Endocrine hormone molecules are secreted (released) directly into the bloodstream, while exocrine hormones (or ectohormones) are secreted directly into a duct, and from the duct they either flow into the bloodstream or they flow from cell to cell by diffusion in a process known as paracrine signalling. (Wikipedia 2008)
Interactions with Receptors
Most hormones initiate a cellular response by initially combining with either a specific intracellular or cell membrane associated receptor protein. A cell may have several different receptors that recognize the same hormone and activate different signal transduction pathways, or alternatively different hormones and their receptors may invoke the same biochemical pathway. (Wikipedia 2008)
For many hormones, including most protein hormones, the receptor is membrane associated and embedded in the plasma membrane at the surface of the cell. The interaction of hormone and receptor typically triggers a cascade of secondary effects within the cytoplasm of the cell, often involving phosphorylation or dephosphorylation of various other cytoplasmic proteins, changes in ion channel permeability, or increased concentrations of intracellular molecules that may act as secondary messengers (e.g. cyclic AMP). Some protein hormones also interact with intracellular receptors located in the cytoplasm or nucleus by an intracrine mechanism.
For hormones such as steroid or thyroid hormones, their receptors are located intracellularly within the cytoplasm of their target cell. In order to bind their receptors these hormones must cross the cell membrane. The combined hormone-receptor complex then moves across the nuclear membrane into the nucleus of the cell, where it binds to specific DNA sequences, effectively amplifying or suppressing the action of certain genes, and affecting protein synthesis.However, it has been shown that not all steroid receptors are located intracellularly, some are plasma membrane associated. (Wikipedia 2008)
Physiology of Hormones
Most cells are capable of producing one or more molecules, which act as signaling molecules to other cells, altering their growth, function, or metabolism. The classical hormones produced by cells in the endocrine glands mentioned so far in this article are cellular products, specialized to serve as regulators at the overall organism level. However they may also exert their effects solely within the tissue in which they are produced and originally released.
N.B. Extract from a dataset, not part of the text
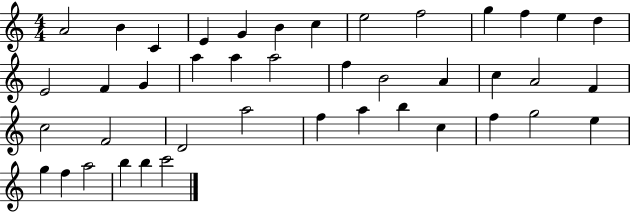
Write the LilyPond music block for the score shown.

The rate of hormone biosynthesis and secretion is often regulated by a homeostatic negative feedback control mechanism. Such a mechanism depends on factors which influence the metabolism and excretion of hormones. Thus, higher hormone concentration alone can not trigger the negative feedback mechanism. Negative feedback must be triggered by overproduction of an "effect" of the hormone. (Wikipedia 2008)
Hormone secretion can be stimulated and inhibited by:
  • Other hormones (stimulating- or releasing-hormones)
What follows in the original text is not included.